How Variation in 4Ms Implementation Can Maximize Equitable Value Realization
A second key domain in which evidence is needed is an assessment of the equitable realization of benefits from 4Ms care across different subsets of older adults. While equity is now widely-recognized as important health system priority, such evidence is particularly critical in this context given recent assessment of the association between Age-Friendly care and several health equity factors within an academic internal medicine clinic. 27 This cross-sectional study involving over 3,300 patients found that a patient’s preferred language, gender and ability to access their electronic health record (EHR) were associated with differential receipt of Age Friendly 4Ms care. A second study of 29,000 inpatient encounters at a different institution also identified inequitable 4Ms adherence, with lower adherence for patients who met the definition of obesity and were on Medicaid. 28 While it may be possible that these findings are a reflection of existing disparities regardless of the type of care provision, given that the AFHS movement aims to address healthcare inequities, this early evidence showing a potential association between socio-demographic characteristics and receipt of 4Ms care points to an urgent need to investigate this topic further. Rigorous research must identify the drivers of these disparities and develop targeted strategies to eliminate them, ensuring that the 4Ms framework fulfills its promise of equitable, high-quality care for all older adults.
If, and How, to Expand the Framework
Even with nascent evidence assessing 4Ms impact, institutions have moved to expand the framework to include additional Ms. For example, some are now including multi-complexity, which refers to the management of a variety of health conditions, 29 and a large health system has added malnutrition as a 5th M. 30 This experimentation naturally lends itself to generating evidence that guides the evolution of the AFHS framework and whether additional Ms can add value to the existing framework. Further, the 4Ms framework has the potential to extend Age-Friendly Care beyond older adults by integrating it into routine practice across other specialties. This could be highly relevant given the heterogeneity of aging and presentation of geriatric syndromes in younger cohorts.31,32 However, until we have stronger evidence linking 4Ms implementation and outcomes in older adults, it remains uncertain whether this subset of geriatrics care practices can be effectively scaled and embedded in different specialties, settings and age groups.
Strategies for Building the 4Ms Evidence Base
Turning from the why to the how, we suggest seven strategies that we believe will catalyze the generation and dissemination of robust evidence to support AFHS transformation. We organize these strategies around activities that individual healthcare delivery organizations, researchers and evaluators, and other key informants can pursue (see Figure 1).
Figure 1.
Strategies for building the AFHS 4Ms evidence-base: Activities for healthcare delivery organizations, researchers and evaluators, and other key informants.
Strategies for Individual Healthcare Delivery Organizations
1. Embrace the learning health system (LHS) model to bridge research and clinical practice. Approaching evidence generation under a learning health system (LHS) model is a strong fit for AFHS research given the natural alignment between these health system models.33,34 An aspirational age-friendly LHS is one where evidence-generation processes are embedded in daily practice, bringing together science, informatics and care culture to generate new research that seamlessly delivers patient-centered best practices for continuous improvement in health and healthcare. An age-friendly LHS would also align research efforts with healthcare delivery system goals, facilitate the inclusion of patient voices into research processes and combine research, quality improvement and implementation science methods to promote rapid cycle innovation to determine evidence-based 4Ms care. Moving from an aspirational age-friendly LHS model to actual realization has the potential to be transformative to rapidly adapt to 4Ms evidence generation and health outcomes.

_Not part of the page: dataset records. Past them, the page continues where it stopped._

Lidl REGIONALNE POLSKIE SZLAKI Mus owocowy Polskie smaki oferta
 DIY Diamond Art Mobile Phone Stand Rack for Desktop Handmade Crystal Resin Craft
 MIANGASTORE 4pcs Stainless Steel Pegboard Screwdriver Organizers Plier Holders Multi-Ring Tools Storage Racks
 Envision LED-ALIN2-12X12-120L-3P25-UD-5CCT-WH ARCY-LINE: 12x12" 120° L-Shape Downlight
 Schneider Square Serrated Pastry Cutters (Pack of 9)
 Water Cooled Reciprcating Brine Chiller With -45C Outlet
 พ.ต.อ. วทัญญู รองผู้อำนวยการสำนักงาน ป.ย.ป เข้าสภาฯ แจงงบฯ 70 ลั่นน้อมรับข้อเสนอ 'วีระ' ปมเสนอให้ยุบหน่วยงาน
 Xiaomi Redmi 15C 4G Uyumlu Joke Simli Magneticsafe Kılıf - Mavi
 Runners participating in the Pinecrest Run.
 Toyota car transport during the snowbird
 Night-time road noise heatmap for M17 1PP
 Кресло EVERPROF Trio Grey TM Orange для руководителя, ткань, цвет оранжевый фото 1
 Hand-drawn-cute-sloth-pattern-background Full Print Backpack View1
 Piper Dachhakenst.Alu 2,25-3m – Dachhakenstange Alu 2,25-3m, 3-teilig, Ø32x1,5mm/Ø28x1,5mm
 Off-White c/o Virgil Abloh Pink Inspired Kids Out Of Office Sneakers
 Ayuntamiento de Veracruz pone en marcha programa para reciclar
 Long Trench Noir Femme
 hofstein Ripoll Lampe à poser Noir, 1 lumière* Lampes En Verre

2. Build interdisciplinary teams with diverse skill sets for AFHS implementation and evaluation. AFHS champions will likely need to partner with experts in research, quality improvement, implementation science and informatics to collectively have the expertise to evaluate 4Ms care. Effective examples of this approach are emerging, and prior work describes the need to convene three types of experts: (1) an AFHS champion who understands how the 4Ms have been implemented in real-world clinical settings, (2) a health services researcher trained in observational study design and analyses, and (3) a data analyst who can build research datasets from the EHR to measure 4Ms care and outcomes. 35 The data analyst role was identified as key to bridging the gap between the AFHS lead’s understanding of 4Ms care documentation in the EHR and developing robust measures of that care along with specifying outcomes, covariates, and defining the sample population of older adults. The development of AFHS dashboards with high-level metrics of 4Ms adherence presents an additional opportunity for collaborations between clinical, data and research experts to evaluate the impact on outcomes.36,37 Regardless of the composition, AFHS implementation teams should be formed as early as possible to best align implementation efforts with evaluation needs. These teams should also focus their implementation and evaluation on the broad range of settings where the 4Ms have been adopted (academic, non-academic, inpatient, outpatient, post-acute care, long-term care) to generate a more generalizable understanding of impact.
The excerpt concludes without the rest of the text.